MLS player salaries: From 'Pay the man!' to 'He makes how much?'
It's that time of year when the MLS Players Union releases the MLS player salaries and fans get to debate about who's overpaid and underpaid.
The list, put out by the MLSPA, has a long history of being inaccurate, and there are often bonuses that are excluded. Nevertheless, this is America, and we like lists of how much people are getting paid.
'Wait, he's making how much?'
In a salary-cap league, things have to be kept clean when it comes to player compensation, but there are several examples of teams shelling out too much for too little in return. Giovani dos Santos at $6 million total compensation heads the list.
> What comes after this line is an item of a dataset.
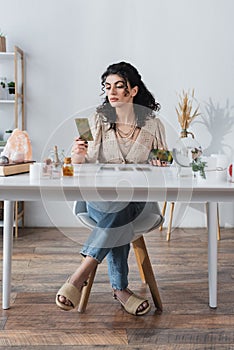 Gypsy soothsayer holding blurred tarot cards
Eight goals and four assists since the start of 2017 is nowhere close to meeting expectations.
Philadelphia Union midfielder Borek Dockal's MLS career is still young, and he has shown glimpses, but seeing him at $1.7M was surprising. To be fair, the jury is still out, but thus far -- one goal, one assist -- does he look like a player who should be making more than, say, the New York Red Bulls' Bradley Wright-Phillips?
Along those lines is Real Salt Lake forward Alfredo Ortuno. Brought in to be the No. 9 Mike Petke's team lacked in 2017, Ortuno has just one goal in three games but is raking in a cool $1.1M. Ortuno could still blossom into the striker RSL craves, but that's a heavy number for a player with just one start so far.
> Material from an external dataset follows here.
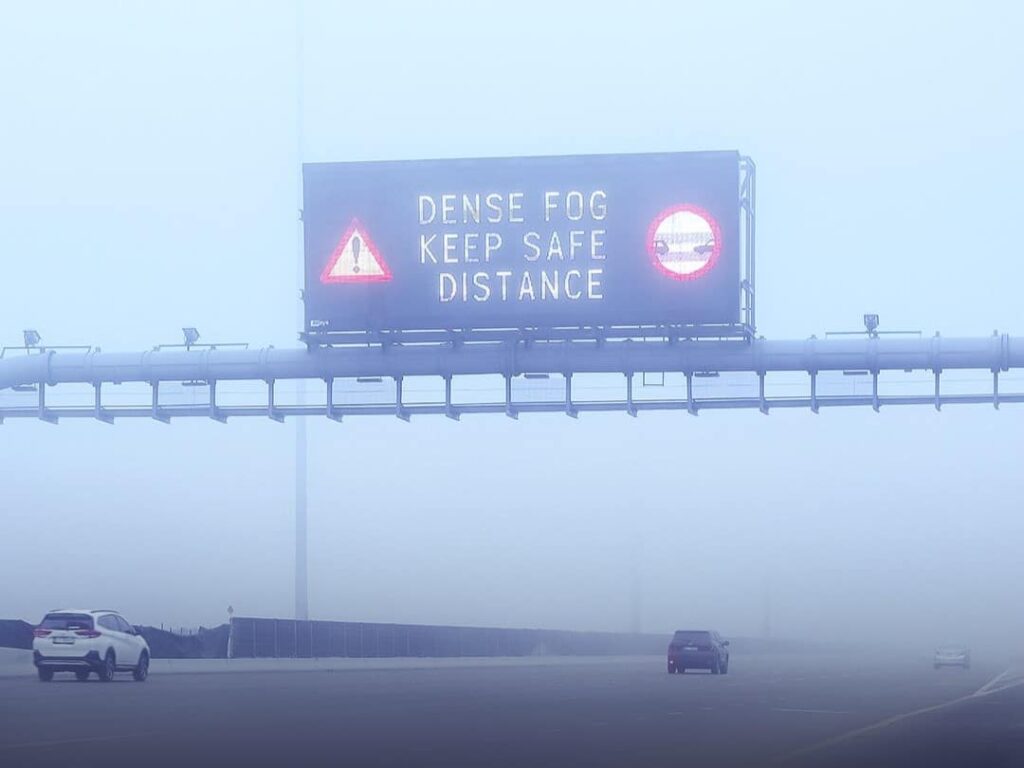 : Fog blankets Dubai skyline as motorists drive slowly during morning rush hour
Also worth considering are the players making a pretty penny while out on loan. Step forward, Yura Movsisyan. The forward never got out of Petke's doghouse at RSL and is now with Swedish club Djurgardens making $2.07M. The same goes for Portland midfielder Lucas Melano, who's receiving $1.05M while on loan at Estudiantes de La Plata in his native Argentina.
Lastly, an aging Tim Howard (39) at $2.4M a year with the Colorado Rapids, while 2017 MLS Goalkeeper of the Year Tim Melia of Sporting Kansas City, 2016 MLS Cup hero Stefan Frei of the Seattle Sounders and 2017 MLS Cup champion Alex Bono of Toronto FC making a combined $700,000 tells you all you need to know about the disparity there.
'Pay the man!'
There are a fair number of players making paltry salaries compared to their worth to their respective teams. For most, it's down to their young age; bigger paychecks are in their future either in MLS or overseas. What's interesting is that a good chunk of them play for the Red Bulls.
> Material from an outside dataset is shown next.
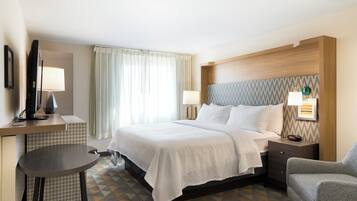 A hotel room with a bed, bedside table, chair, desk, and a television.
Midfielder Tyler Adams ($153K), defender Michael Amir Murillo ($88k) and midfielder Florian Valot ($71K) are among the standouts. Adams at 19 is already a stalwart and has become a U.S. national team regular. Look no further than last week's 4-0 drubbing of New York City FC to prove Panamanian defender Murillo is a steal at his price; ditto with French midfielder Valot, who has scored in each of the Red Bulls' past two matches.
Others of note are Sounders defender Nouhou, Vancouver Whitecaps midfielder Alphonso Davies and LAFC forward Latif Blessing. Nouhou ($54.5K) has blossomed at left-back and was a playoff fixture for the Sounders in 2017. Davies ($72.5K) at 17 is off to a good start (1 goal, 3 assists) and surely on the radar of European clubs. And for what Blessing has brought from mostly off the bench this season at LAFC (2 goals, 1 assist, constant hustle), it's downright larceny that Bob Bradley got him for $84.3K.
Fun with numbers
The fourth-highest salary in the league belongs to Chicago Fire midfielder Bastian Schweinsteiger, at $6.1M. Now consider the salaries of Atlanta United's dynamic trio of Ezequiel Barco, Miguel Almiron and Josef Martinez, who combined make $1M less than Schweinsteiger alone. The former Bayern Munich man still excels and brings out the fans, but wouldn't teams prefer Atlanta's South American trio both at the gate and on the field?
Arguably the most amusing number of all comes out of Orlando, where a year after paying Kaka $7.1M, Orlando City's payroll is right around the $9M mark, down from $13.2M in 2017. Oh, and the Lions have won six straight and finally look poised to reach the playoffs for the first time in their history.